## EXERCISE MATERIALS
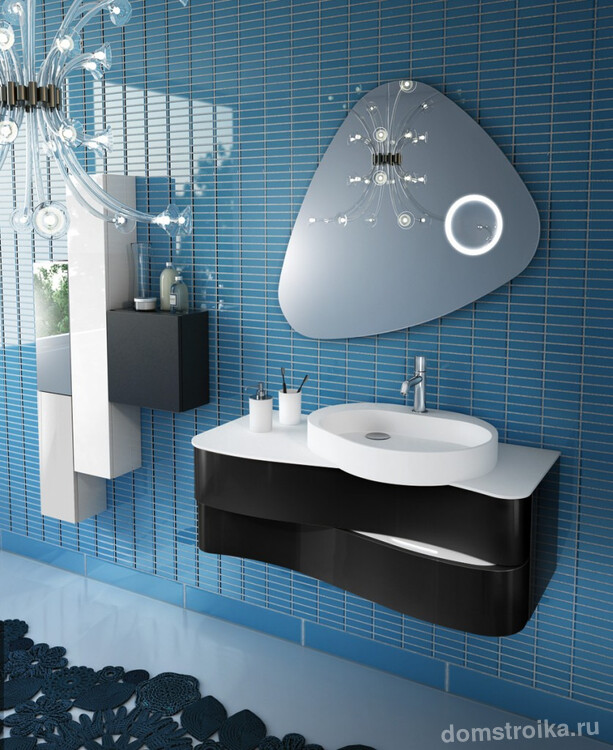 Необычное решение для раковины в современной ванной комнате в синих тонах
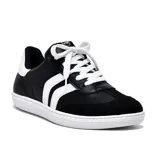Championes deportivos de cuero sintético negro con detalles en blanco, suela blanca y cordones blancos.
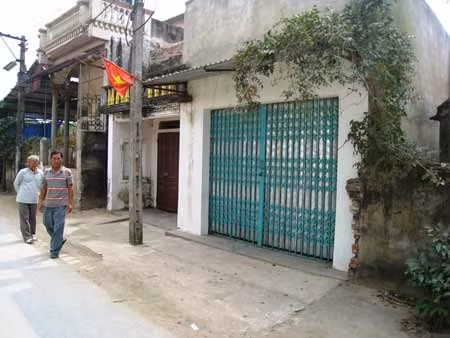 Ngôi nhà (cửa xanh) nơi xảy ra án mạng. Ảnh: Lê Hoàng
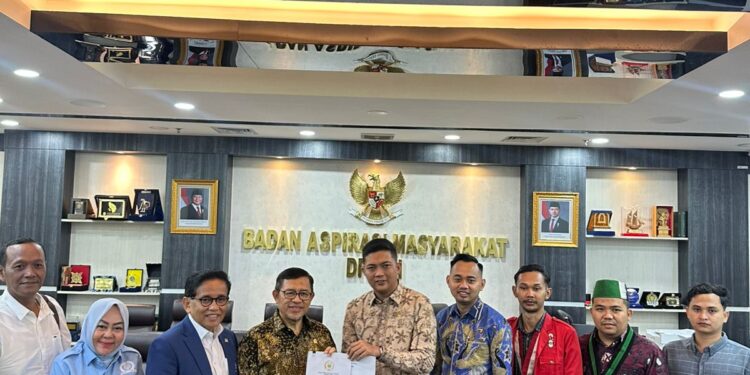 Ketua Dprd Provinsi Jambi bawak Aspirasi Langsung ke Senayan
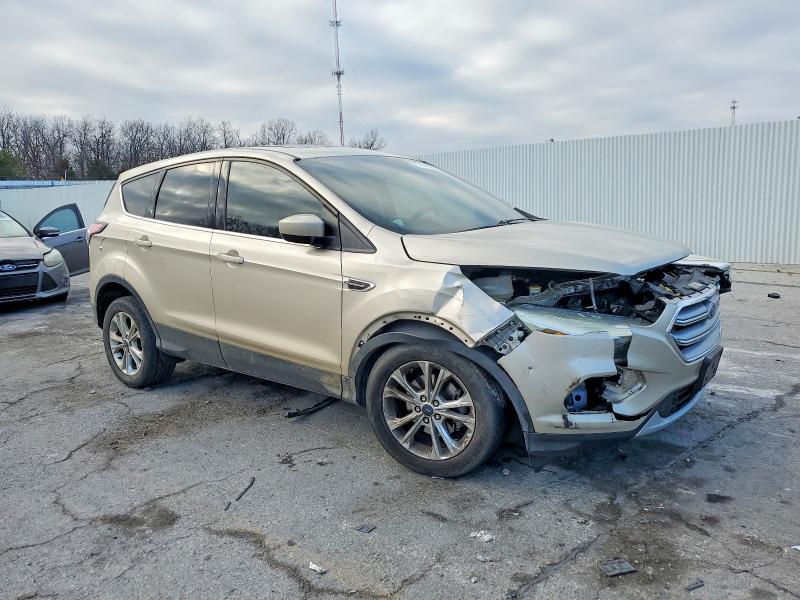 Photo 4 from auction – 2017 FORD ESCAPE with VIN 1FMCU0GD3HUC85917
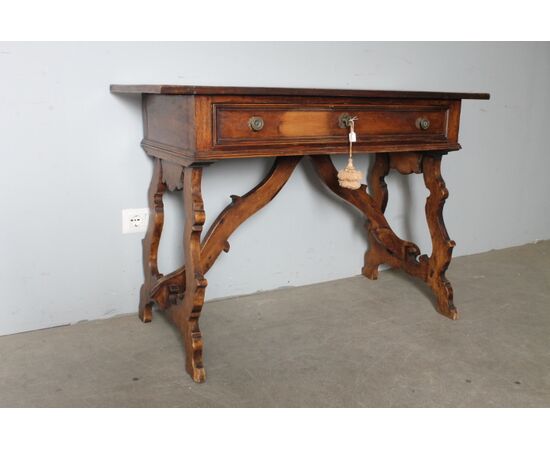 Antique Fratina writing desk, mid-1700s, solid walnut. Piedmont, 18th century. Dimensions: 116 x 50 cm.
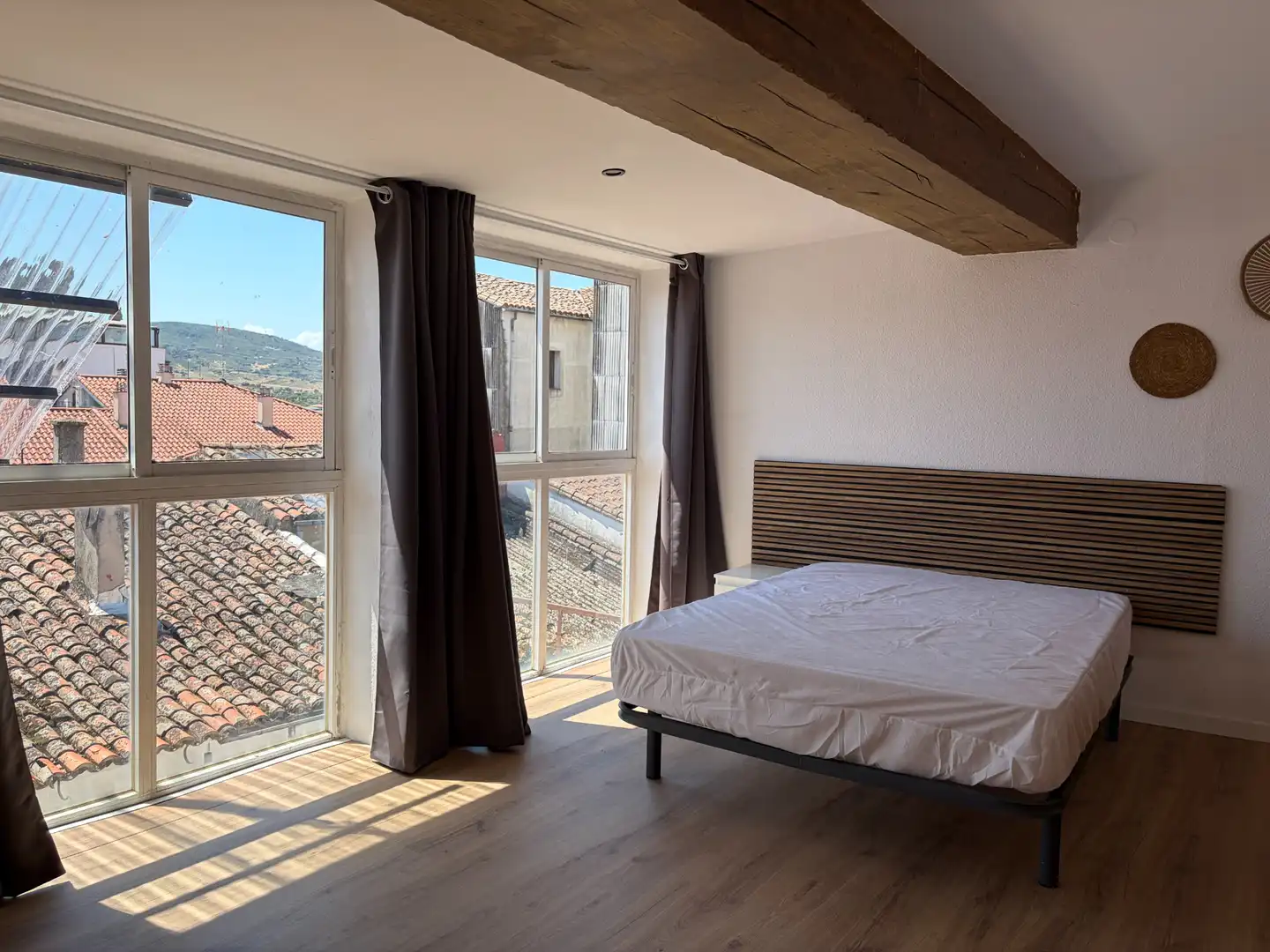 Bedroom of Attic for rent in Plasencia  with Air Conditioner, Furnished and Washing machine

## TASK GOAL
Produce the full material again verbatim, with the pictures dropped.

## ANSWER SPACE
 Необычное решение для раковины в современной ванной комнате в синих тонах
Championes deportivos de cuero sintético negro con detalles en blanco, suela blanca y cordones blancos.
 Ngôi nhà (cửa xanh) nơi xảy ra án mạng. Ảnh: Lê Hoàng
 Ketua Dprd Provinsi Jambi bawak Aspirasi Langsung ke Senayan
 Photo 4 from auction – 2017 FORD ESCAPE with VIN 1FMCU0GD3HUC85917
 Antique Fratina writing desk, mid-1700s, solid walnut. Piedmont, 18th century. Dimensions: 116 x 50 cm.
 Bedroom of Attic for rent in Plasencia  with Air Conditioner, Furnished and Washing machine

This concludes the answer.